Go to the line containing "Product image 1" and return it and each line after it exactly, through the end of the data below, and nothing more.

:: Data provided ::
————
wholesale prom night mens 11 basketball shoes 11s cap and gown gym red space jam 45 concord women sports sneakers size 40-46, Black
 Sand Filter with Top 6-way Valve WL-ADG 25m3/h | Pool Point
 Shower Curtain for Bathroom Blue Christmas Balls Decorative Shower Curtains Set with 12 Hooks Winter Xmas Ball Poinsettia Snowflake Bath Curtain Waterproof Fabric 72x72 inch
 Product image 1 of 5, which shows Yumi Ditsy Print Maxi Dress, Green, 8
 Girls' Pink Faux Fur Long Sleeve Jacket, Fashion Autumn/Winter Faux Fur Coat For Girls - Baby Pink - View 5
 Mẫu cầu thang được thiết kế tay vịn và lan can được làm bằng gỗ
————
:: Exercise output ::
 Product image 1 of 5, which shows Yumi Ditsy Print Maxi Dress, Green, 8
 Girls' Pink Faux Fur Long Sleeve Jacket, Fashion Autumn/Winter Faux Fur Coat For Girls - Baby Pink - View 5
 Mẫu cầu thang được thiết kế tay vịn và lan can được làm bằng gỗ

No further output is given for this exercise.